- Show that \(\theta=18^\circ\) satisfies the equation \(\cos 3\theta=\sin 2\theta\).

We know that \[\cos(3\times 18^\circ)=\cos 54^\circ=\sin(90^\circ-54^\circ)=\sin 36^\circ=\sin(2 \times 18^\circ).\] So \(\theta=18^\circ\) satisfies \[\cos 3\theta=\sin2\theta.\]

By expressing \(\cos 3\theta\) and \(\sin 2\theta\) in terms of trigonometrical functions of \(\theta\), show that \(\sin 18^\circ\) is a root of the equation \[4x^2+2x-1=0,\] …

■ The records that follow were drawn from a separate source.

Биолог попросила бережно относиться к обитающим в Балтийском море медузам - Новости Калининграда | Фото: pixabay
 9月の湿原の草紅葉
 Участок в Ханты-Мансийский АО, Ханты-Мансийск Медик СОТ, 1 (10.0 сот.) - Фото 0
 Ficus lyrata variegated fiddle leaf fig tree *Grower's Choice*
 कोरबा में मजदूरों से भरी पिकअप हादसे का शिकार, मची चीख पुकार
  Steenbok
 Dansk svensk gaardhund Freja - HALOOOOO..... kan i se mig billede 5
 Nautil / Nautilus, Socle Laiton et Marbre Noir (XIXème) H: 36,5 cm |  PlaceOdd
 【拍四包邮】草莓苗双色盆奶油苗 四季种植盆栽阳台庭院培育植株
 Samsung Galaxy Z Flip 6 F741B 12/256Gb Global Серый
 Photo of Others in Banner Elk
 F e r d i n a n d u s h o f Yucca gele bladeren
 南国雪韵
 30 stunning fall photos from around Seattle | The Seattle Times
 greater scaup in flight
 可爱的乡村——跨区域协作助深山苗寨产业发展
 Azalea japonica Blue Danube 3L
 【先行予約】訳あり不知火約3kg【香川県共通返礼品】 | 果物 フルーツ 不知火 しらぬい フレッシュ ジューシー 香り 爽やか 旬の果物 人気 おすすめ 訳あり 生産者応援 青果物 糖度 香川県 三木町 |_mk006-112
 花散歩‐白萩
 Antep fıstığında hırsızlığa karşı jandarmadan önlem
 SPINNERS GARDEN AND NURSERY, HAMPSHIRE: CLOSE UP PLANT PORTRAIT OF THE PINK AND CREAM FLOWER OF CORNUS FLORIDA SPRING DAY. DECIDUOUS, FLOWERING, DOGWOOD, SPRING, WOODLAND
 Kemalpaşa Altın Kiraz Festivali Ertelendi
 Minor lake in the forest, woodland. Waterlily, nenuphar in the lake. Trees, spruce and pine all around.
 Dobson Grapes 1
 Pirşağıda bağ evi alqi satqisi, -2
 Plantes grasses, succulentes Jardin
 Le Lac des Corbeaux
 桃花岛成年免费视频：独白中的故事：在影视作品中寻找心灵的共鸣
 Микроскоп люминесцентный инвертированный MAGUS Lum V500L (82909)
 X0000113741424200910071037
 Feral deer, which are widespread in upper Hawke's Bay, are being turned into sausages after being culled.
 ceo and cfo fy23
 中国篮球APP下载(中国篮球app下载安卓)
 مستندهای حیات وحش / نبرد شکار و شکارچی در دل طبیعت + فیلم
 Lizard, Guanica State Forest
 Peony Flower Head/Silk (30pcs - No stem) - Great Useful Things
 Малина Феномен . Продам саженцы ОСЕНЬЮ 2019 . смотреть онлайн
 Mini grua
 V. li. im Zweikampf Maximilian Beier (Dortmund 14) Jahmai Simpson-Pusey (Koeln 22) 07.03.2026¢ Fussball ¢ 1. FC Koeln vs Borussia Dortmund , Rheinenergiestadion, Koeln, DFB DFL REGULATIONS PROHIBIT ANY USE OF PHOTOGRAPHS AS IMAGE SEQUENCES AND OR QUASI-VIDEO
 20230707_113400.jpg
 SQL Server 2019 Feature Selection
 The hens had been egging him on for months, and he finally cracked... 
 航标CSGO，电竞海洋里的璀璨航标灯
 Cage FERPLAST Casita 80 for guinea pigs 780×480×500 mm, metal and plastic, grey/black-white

We can express both \(\cos3\theta\) and \(\sin2\theta\) in terms of just \(s = \sin\theta\) and \(c = \cos\theta\).

We’ll use the identities \[\sin2\theta=2sc,\] \[\cos2\theta=1-2s^2\] and \[\cos(\alpha+\beta)=\cos\alpha\cos\beta-\sin\alpha\sin\beta.\]

We have \[\cos3\theta=\cos(2\theta+\theta)=\cos(2\theta) c-\sin(2\theta) s = (1-2s^2)c - 2scs = c(1-4s^2).\]

So if \(\sin2\theta-\cos3\theta=0\), we have \(2sc-c(1-4s^2)=0\), or \(c(4s^2+2s-1)=0.\)

Now we know that \(\sin(18^\circ)\) is a solution to this equation, and so \(\sin(18^\circ)\) is a root of \(4x^2+2x-1=0\), since \(\cos18^\circ\ne0\).

Hence find its value as a surd.

We complete the square in order to find the roots of \(4x^2+2x-1\) in surd form. We have \[4x^2+2x-1=\left(2x+\frac{1}{2}\right)^2-\frac{5}{4}=0,\] so that \[2x+\frac{1}{2}=\pm\frac{\sqrt{5}}{2},\] and we have \[x=\frac{-1\pm\sqrt{5}}{4}.\] Finally, we must choose whether we need a plus or a minus sign to find the root corresponding to \(\sin18^\circ\). We know that \(\sin18^\circ>0\), so we choose the plus sign. So we have that \[\sin18^\circ=\frac{-1+\sqrt{5}}{4}.\]

Find all solutions between \(0^\circ\) and \(360^\circ\) of the equation \[4\tan 2x=\cot x.\]

We play a similar game here to that of the first part of the question. Firstly, we can write \[\tan x=\frac{s}{c}, \quad \cot x=\frac{1}{\tan x}=\frac{c}{s},\] so the equation we need to solve becomes \[4\frac{\sin(2x)}{\cos(2x)}=\frac{c}{s} \implies 4\sin(2x)s-\cos(2x)c=0 \implies 8s^2c-(1-2s^2)c=0 \implies (10s^2-1)c=0.\] So we have that \(\cos x=0\) solves this, which gives us the values \(x=90^\circ, 270^\circ\) between \(0^\circ\) and \(360^\circ\). We also have that \[\sin x=\pm\frac{1}{\sqrt{10}}\] is a solution, so that \(x=\sin^{-1}(\pm1/\sqrt{10})\) are also solutions. To work out how many solutions between \(0^\circ\) and \(360^\circ\), consider

We see that \(\sin x=\pm1/\sqrt{10}\) four times between \(0^\circ\) and \(360^\circ\).

Using a calculator, one finds that \(\sin^{-1}(1/\sqrt{10})=18.4^\circ\) to one decimal place. From the symmetries of sine, we see that the other angles are then \(180^\circ-18.4^\circ=161.6^\circ\), \(180^\circ+18.4^\circ=198.4^\circ\) and \(360^\circ-18.4^\circ=341.6^\circ\), giving us six solutions in total.